**Exercise aim:** Your response should be every line from the entries that includes the string "covered".

**Provided data:**
= Beginning of Section =

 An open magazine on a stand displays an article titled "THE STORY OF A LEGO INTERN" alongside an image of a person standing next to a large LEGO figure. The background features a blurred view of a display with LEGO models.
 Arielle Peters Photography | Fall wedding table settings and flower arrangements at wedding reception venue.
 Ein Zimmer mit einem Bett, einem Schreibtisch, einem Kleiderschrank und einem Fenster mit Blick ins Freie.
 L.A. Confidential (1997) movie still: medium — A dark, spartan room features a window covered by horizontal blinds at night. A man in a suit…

= End of Section =
= Beginning of Section =

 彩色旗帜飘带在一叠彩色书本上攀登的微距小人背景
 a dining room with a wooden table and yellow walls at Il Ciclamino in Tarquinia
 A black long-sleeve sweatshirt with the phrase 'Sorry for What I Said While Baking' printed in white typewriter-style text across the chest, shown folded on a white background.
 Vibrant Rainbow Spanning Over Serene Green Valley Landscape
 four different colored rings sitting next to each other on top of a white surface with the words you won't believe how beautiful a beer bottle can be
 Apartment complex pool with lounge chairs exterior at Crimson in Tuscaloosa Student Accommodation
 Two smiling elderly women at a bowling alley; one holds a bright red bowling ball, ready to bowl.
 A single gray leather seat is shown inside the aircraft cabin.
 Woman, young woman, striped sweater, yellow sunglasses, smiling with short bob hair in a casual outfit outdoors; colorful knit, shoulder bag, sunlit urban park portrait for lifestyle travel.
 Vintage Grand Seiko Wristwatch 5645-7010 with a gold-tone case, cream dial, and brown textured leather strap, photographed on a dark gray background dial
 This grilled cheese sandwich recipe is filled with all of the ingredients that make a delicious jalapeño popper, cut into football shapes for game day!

= End of Section =
= Beginning of Section =

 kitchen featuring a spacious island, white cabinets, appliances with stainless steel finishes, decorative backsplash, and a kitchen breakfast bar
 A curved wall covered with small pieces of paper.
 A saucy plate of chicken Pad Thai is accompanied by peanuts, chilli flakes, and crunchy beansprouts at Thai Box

= End of Section =

**Written reply:**
 L.A. Confidential (1997) movie still: medium — A dark, spartan room features a window covered by horizontal blinds at night. A man in a suit…
 A curved wall covered with small pieces of paper.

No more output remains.